» What needs to be done: Read the records beneath this task and copy every line that contains the string "image".

» Supplied data:

════════════════════

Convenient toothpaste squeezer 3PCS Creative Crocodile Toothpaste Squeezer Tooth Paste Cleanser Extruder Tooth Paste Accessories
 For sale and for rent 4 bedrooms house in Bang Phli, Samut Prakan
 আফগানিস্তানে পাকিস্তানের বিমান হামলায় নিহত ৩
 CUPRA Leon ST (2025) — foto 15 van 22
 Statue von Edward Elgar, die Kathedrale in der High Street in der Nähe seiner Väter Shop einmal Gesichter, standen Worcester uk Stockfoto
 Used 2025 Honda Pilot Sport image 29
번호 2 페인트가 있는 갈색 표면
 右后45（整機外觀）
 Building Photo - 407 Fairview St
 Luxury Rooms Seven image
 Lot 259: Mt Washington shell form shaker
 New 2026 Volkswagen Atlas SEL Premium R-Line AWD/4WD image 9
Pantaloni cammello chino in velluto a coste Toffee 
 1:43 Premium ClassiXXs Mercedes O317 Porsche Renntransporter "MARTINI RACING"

════════════════════

» Answer space:
 Used 2025 Honda Pilot Sport image 29
 Luxury Rooms Seven image
 New 2026 Volkswagen Atlas SEL Premium R-Line AWD/4WD image 9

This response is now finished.